Millionen für die Krankenkassen

Die Bürgerinnen- und Bürgerversicherung wäre für die Mehrheit der Versicherten billiger

  • Silvia Ottow
  • Lesedauer: 3 Min.
Trotz hoher Krankenkassenbeiträge kann man ohne gefüllte Geldbörse heute kaum zum Arzt oder Apotheker gehen. Daran haben sich die Menschen inzwischen gewöhnt, denn Politiker hämmern ihnen seit Jahren ein, dass Gesundheit immer teurer werden muss. Die Linkspartei ließ nachrechnen und heraus kam: Es könnte auch billiger gehen – jedenfalls für den Großteil der Versicherten.
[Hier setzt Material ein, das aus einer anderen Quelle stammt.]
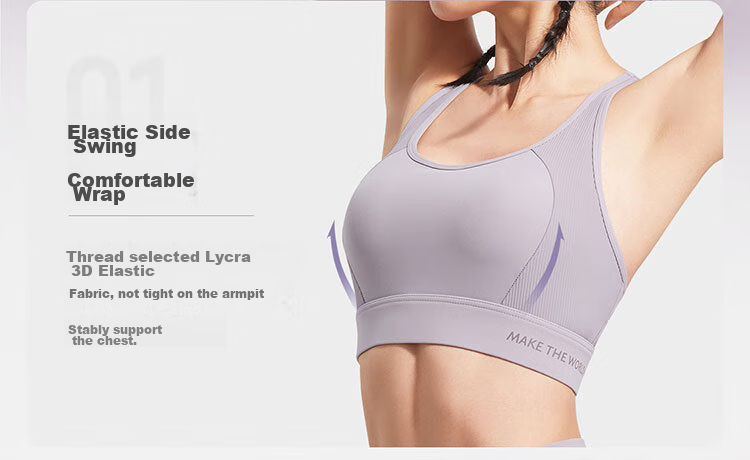 Keep High-Intensity Sports Bra, Anti-Sagging, Side Support, Training Bra for Running, Summer Wear, Shock-Absorbing, Milkshake Purple, XL 8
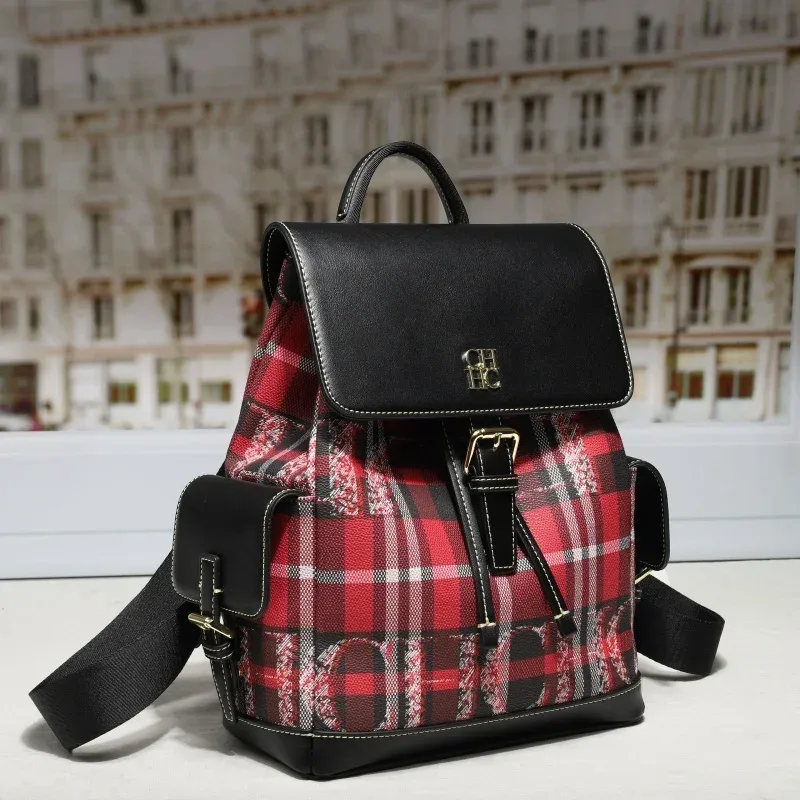 ch nouvelles femmes sac à dos motif à carreaux noir rouge couleur bloc dames sac boucle détail décontracté voyage quotidien bandoulière mode sac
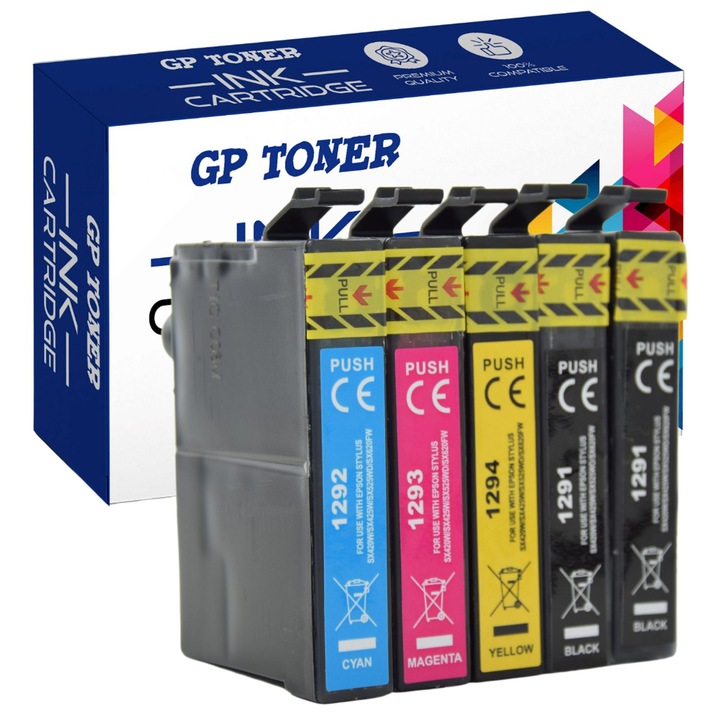 Kompatibilis tintapatron készlet Epson T1291, T1292, T1293, T1294 nyomtatókhoz, GP-E1296CMYKK, Multicolor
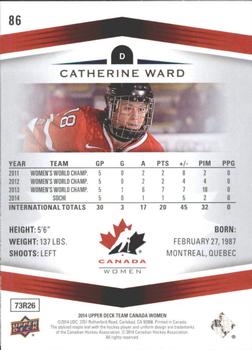 2014 Upper Deck Team Canada Juniors #86 Catherine Ward Back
Gesetzlich Krankenversicherte hatten in den letzten Jahren nichts zu lachen. Praxisgebühren und Zuzahlungen nahm man ihnen ab. Medikamente wurden teurer, Leistungen klammheimlich gestrichen und die Beiträge erhöht. Zuletzt erhoben einige Krankenkassen noch Zusatzbeiträge. Und es soll noch schlimmer kommen, erklären Politiker und Wissenschaftler gebetsmühlenartig.
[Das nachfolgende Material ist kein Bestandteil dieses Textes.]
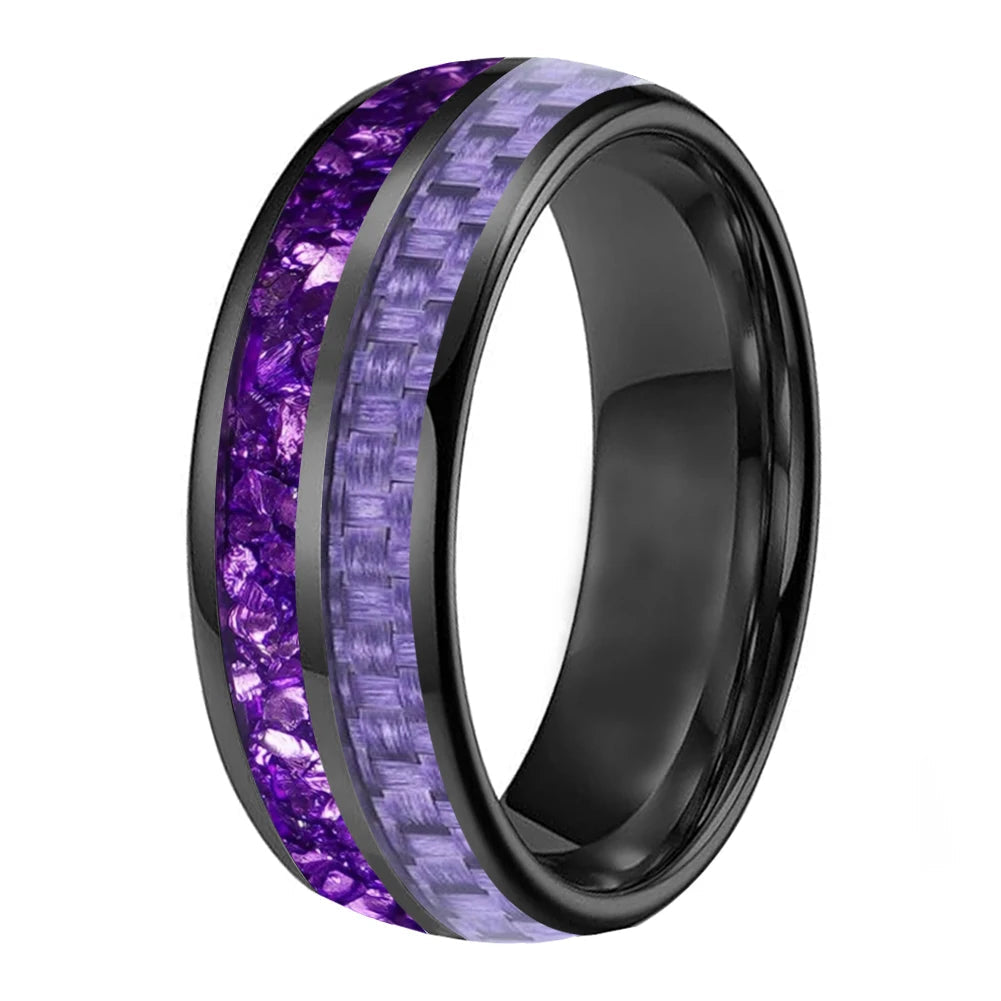 Tungsten Ring with Purple Carbon Fiber & Crystal Stone Inlay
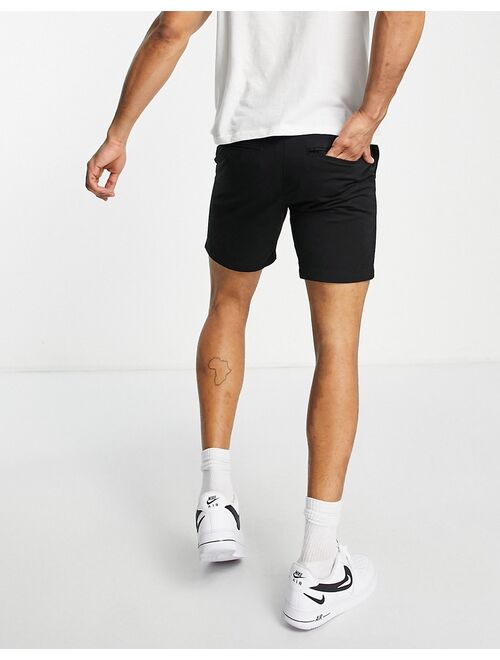 New Look slim fit chino shorts in black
Nicht so der Ökonom Klaus Bartsch, der im Auftrag der Linksparteifraktion im Bundestag in einer Studie simulierte, wie sich das Konzept einer Bürgerinnen- und Bürgerversicherung auf die Entwicklung der Beitragssätze in der Gesetzlichen Krankenversicherung und in der Pflegeversicherung auswirken würde. Das Ergebnis wurde gestern in Berlin vorgestellt: Der gegenwärtige GKV-Beitragssatz von 15,5 Prozent könnte um rund ein Drittel auf 10,5 Prozent sinken. 60 Prozent aller Versicherten würden weniger bezahlen, vor allem Gering- und Durchschnittsverdiener sowie Rentner. Wer 1500 Euro im Monat verdient, zahlt statt 123 Euro nur 78,75 an seine Krankenkasse, die Rentnerin mit 1000 Euro Rente spart 27,50 und bei einem Monatseinkommen von 5000 Euro spart man immerhin noch 42 Euro. Für Menschen mit einem Einkommen von über 5800 Euro im Monat wird es teurer. Superreiche wie der Aldi-Mitbegründer Karl Albrecht oder der Versandhausunternehmer Michael Otto haben die schlechtesten Karten. Sie würden Krankenversicherungsbeiträge in Millionenhöhe zahlen. Warum auch nicht, meint die gesundheitspolitische Sprecherin der Fraktion DIE LINKE, Martina Bunge. Für sie beweist die 123 Seiten lange Studie, dass die gegenwärtigen Kostensteigerungen im Gesundheitssystem, die vor allem den Versicherten allein aufgebürdet werden, nicht alternativlos sind. Der von den Regierungsparteien geplante Kapitalstock für die Reform der Pflegeversicherung wäre nicht nötig und es gebe sogar Spielraum für Leistungsverbesserungen, so Bunge.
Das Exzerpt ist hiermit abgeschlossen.